═════ Records for the exercise
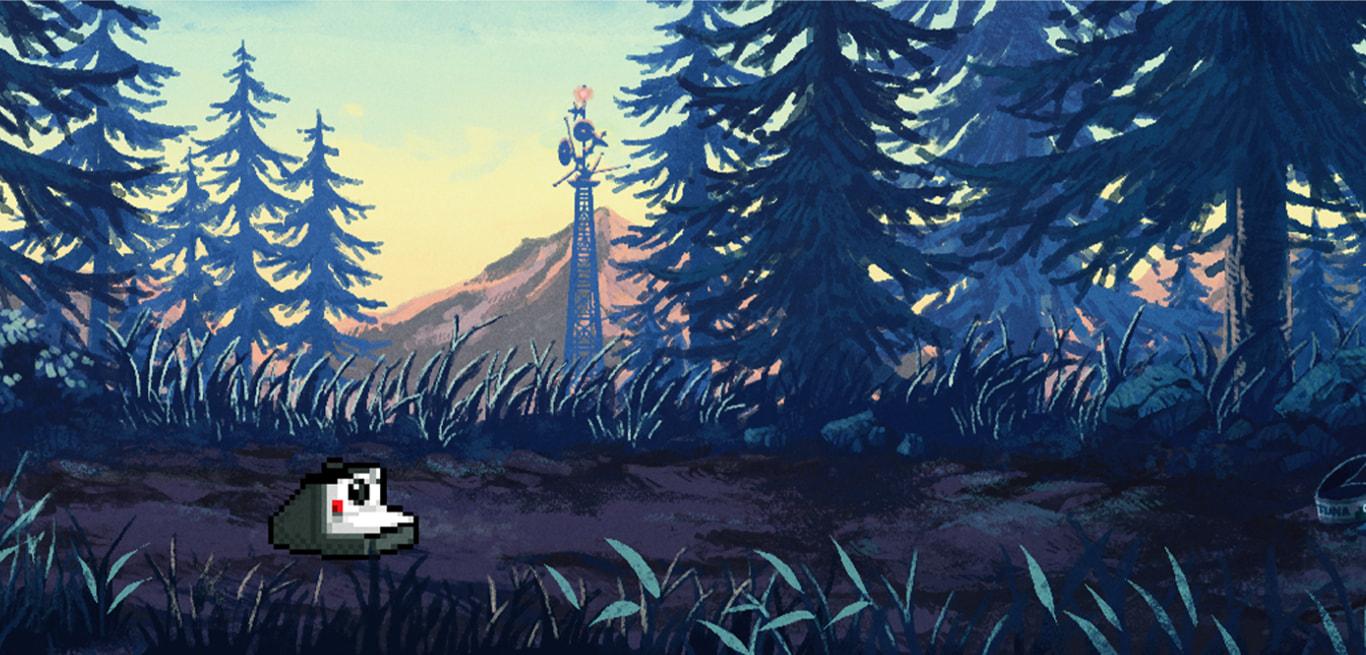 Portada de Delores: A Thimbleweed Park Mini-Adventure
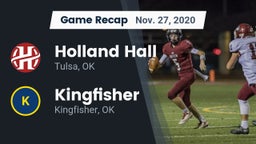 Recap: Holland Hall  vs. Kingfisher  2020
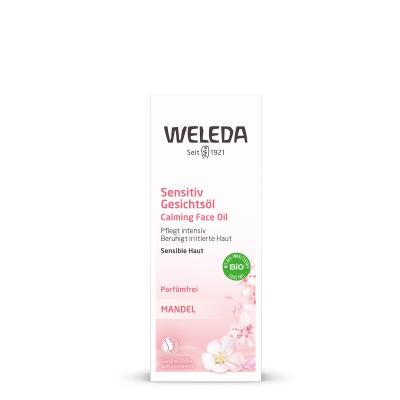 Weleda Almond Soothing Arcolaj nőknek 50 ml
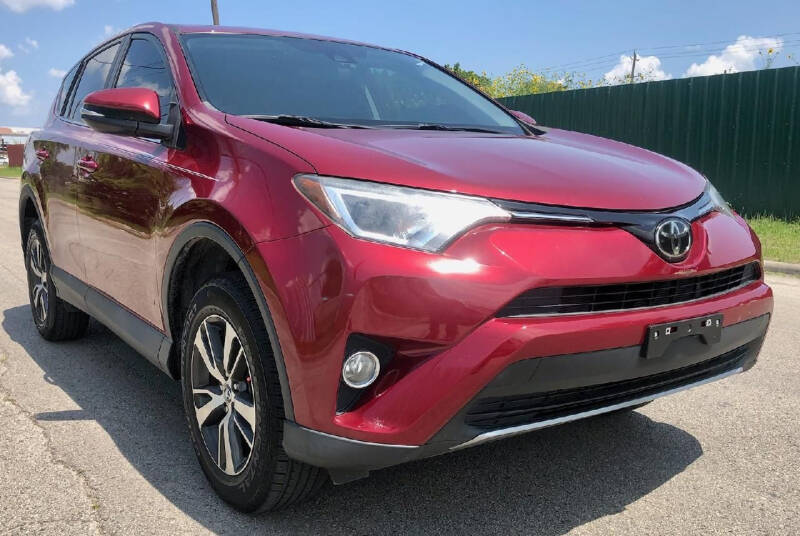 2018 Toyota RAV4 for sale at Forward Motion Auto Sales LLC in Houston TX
══════════
═════ Records for the exercise
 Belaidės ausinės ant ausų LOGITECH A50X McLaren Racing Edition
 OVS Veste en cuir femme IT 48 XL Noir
══════════
* _Aim of the exercise_: Exactly as written above, retype the lines starting at the one holding "Recap: Holland Hall" and ending at the one holding "2018 Toyota RAV4", both included, but not the pictures.

* _Response to this exercise_:
 Recap: Holland Hall  vs. Kingfisher  2020
 Weleda Almond Soothing Arcolaj nőknek 50 ml
 2018 Toyota RAV4 for sale at Forward Motion Auto Sales LLC in Houston TX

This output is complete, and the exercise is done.